At his first spring training, Fielder said Jenkins told the youngsters why he had stayed.
"He told us, 'You guys are going to be the addition, I'm just going to be here just to be the glue to keep us together,"' Fielder said. "It was pretty funny, and we just stuck with it."
Seven of the Brewers' nine opening day starters came up through the farm system, including Sheets. Add in a third-year owner, investment banker Mark Attanasio, who provided another $15 million to help sign Hall to an extension and add starter Jeff Suppan, and the Brewers' payroll is now $72 million.
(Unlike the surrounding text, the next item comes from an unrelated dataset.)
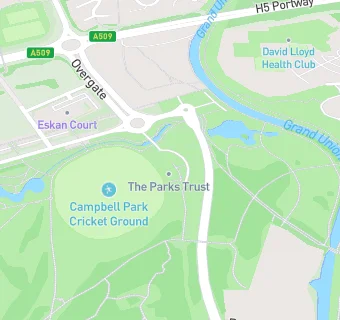 map for Milton Keynes Parks Trust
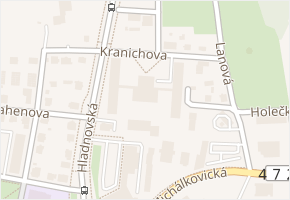Kranichova v obci Ostrava - mapa ulice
No team that spent less than $60 million last year had a winning record.
Former All-Star closer and current setup man Derrick Turnbow said it's about more than money, a measure in which Milwaukee never will compete against some of the other major league teams.
"If it was strictly based on payroll and superstars, the Yankees would be winning it every year. That's just not the way it works out. Every team has a chance to win it," Turnbow said.
Melvin's track record for trades has been outstanding. He acquired starters Capuano, Dave Bush and Claudio Vargas in offseason deals, and obtained Cordero from Texas for Carlos Lee.
Yost acknowledges he loves the famous "ball and glove" caps donned back in 1982, and again this season on retro Fridays. But he prefers to look forward instead of back a quarter-century.
"There's a part of me that wants to take our current logo and do something special with that, too," he said.